With 3D vision, even the assembly of flexible or deformable components, such as cables, gaskets or soft materials, becomes far more practical. These parts often vary in shape and position, making them difficult for traditional 2D systems to handle reliably. By capturing depth and surface information, 3D systems allow robots to adapt in real time to these variations.

Reducing the need for custom tooling and fixtures also leads to faster setup and changeover times, which is especially valuable in high-mix, low-volume manufacturing environments. This flexibility translates directly into higher productivity and lower operational costs. Additionally, 3D vision systems are better equipped than 2D systems to compensate for small variations in part geometry and placement, thereby maintaining tight tolerances during assembly and improving overall product quality.

Inspection

Complex assemblies are almost always three-dimensional in structure. Inspection of these assemblies requires 3D data. While this can sometimes be accomplished with multiple 2D images and sensor fusion, this 2D approach is often not practical. For example, if the inspection is to verify PC board assembly, knowing that components are flush with the board and not raised or tilted, even a small amount, is essential to being sure the assembly will be reliable. In automotive assembly, knowing that a seat is installed correctly is a three-dimensional problem that cannot be solved with 2D imaging.

Logistics and warehouse automation

In an automated distribution warehouse, products being delivered to fill an order typically vary widely in size, shape and rigidity. Some items arrive in rigid packaging like boxes or cartons, while others are soft, deformable or irregularly shaped, such as polybagged goods, apparel or food items. This variability poses significant challenges for robotic handling systems, especially when the goal is to assemble mixed orders efficiently and reliably.

To achieve high throughput and accuracy, the system must first determine the exact location and orientation of each item, whether it is moving along a conveyor belt or sitting in a bin or tote.
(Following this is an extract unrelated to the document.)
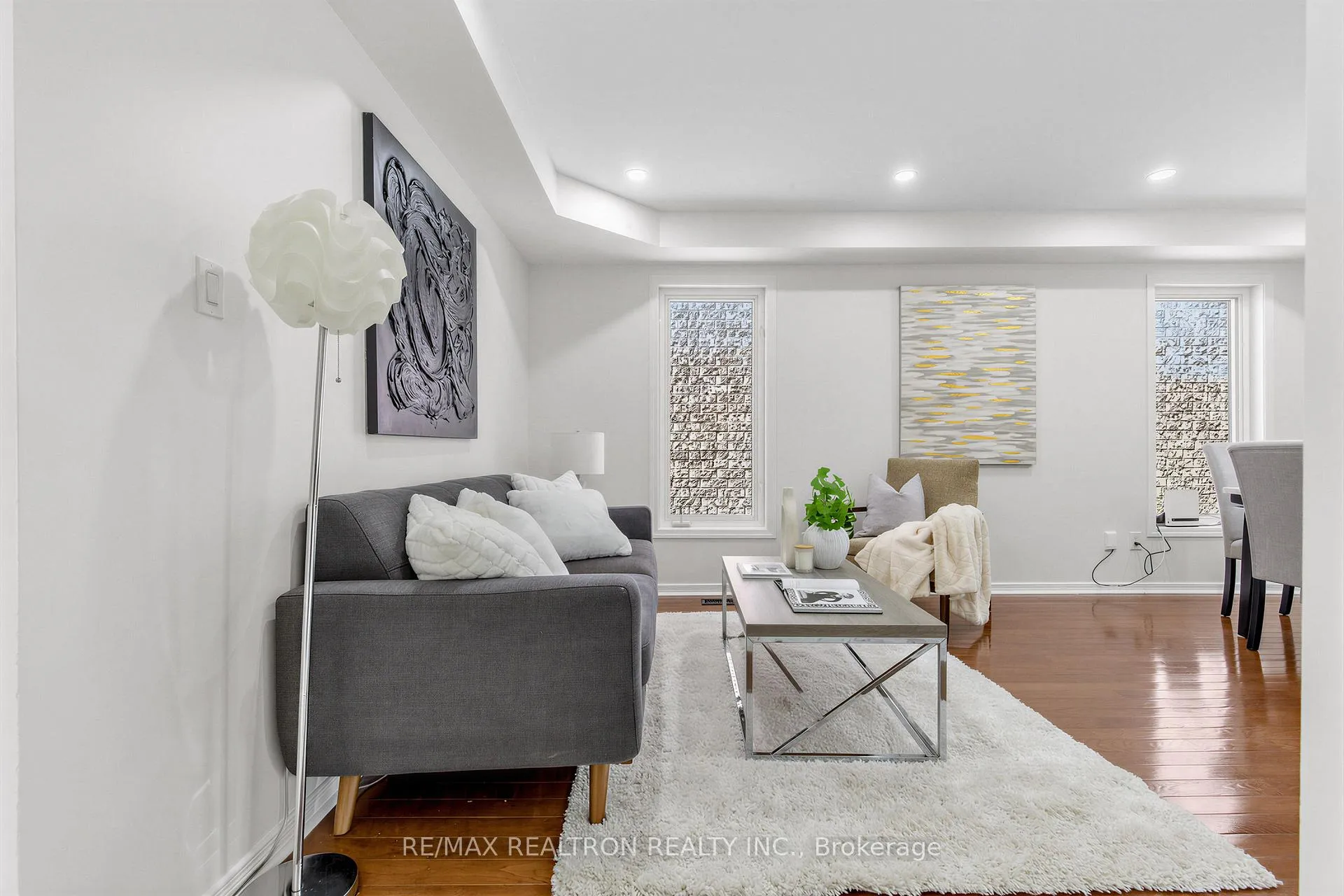 Photo 9 of 664 Sunbird Trail, Pickering, Amberlea — HOMEH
This requires more than simple 2D imaging, since height, depth and surface geometry are essential for understanding how to grasp and manipulate an object. 3D imaging technologies, such as stereo vision, structured light or laser-based depth sensing, generate point clouds or depth maps that capture the full spatial structure of each item.

Once each product’s position and orientation are known, robotic systems can plan grasping strategies and determine optimal placement in shipping containers. Packing efficiency becomes a spatial optimization problem, requiring items to be arranged for maximum space utilization and minimal risk of damage. Real-time 3D perception is essential for accurate identification, reliable picking and efficient packing in automated warehouses.

Palletizing and depalletizing

Objects placed onto a pallet must be positioned securely, or the contents of the pallet will shift during transport. 3D machine vision helps ensure that all containers on the pallet are nested securely next to their neighbors.

Depalletizing can be even more challenging. Containers on the pallet may have shifted during transport. The pallet may contain mixed objects of different sizes and shapes in an unknown arrangement.

To automate each of these operations with a robot, 3D machine vision is necessary. For palletizing, the vision system can accurately detect exactly where the next container must be placed to nest securely. For depalletizing, the location of each individual container is located, even if it is different from its neighbors.

Other applications

The list of applications for 3D machine vision is very lengthy. Some other applications not mentioned above are object recognition and sorting, reverse engineering and machine tending.

Conclusion

3D imaging is an important capability in machine vision system development. A number of different imaging techniques give the user choices of speed and accuracy as well as cost. The growing availability of integrated 3D sensors and software to work with 3D data facilitates a variety of applications and makes this capability an established factory automation technology.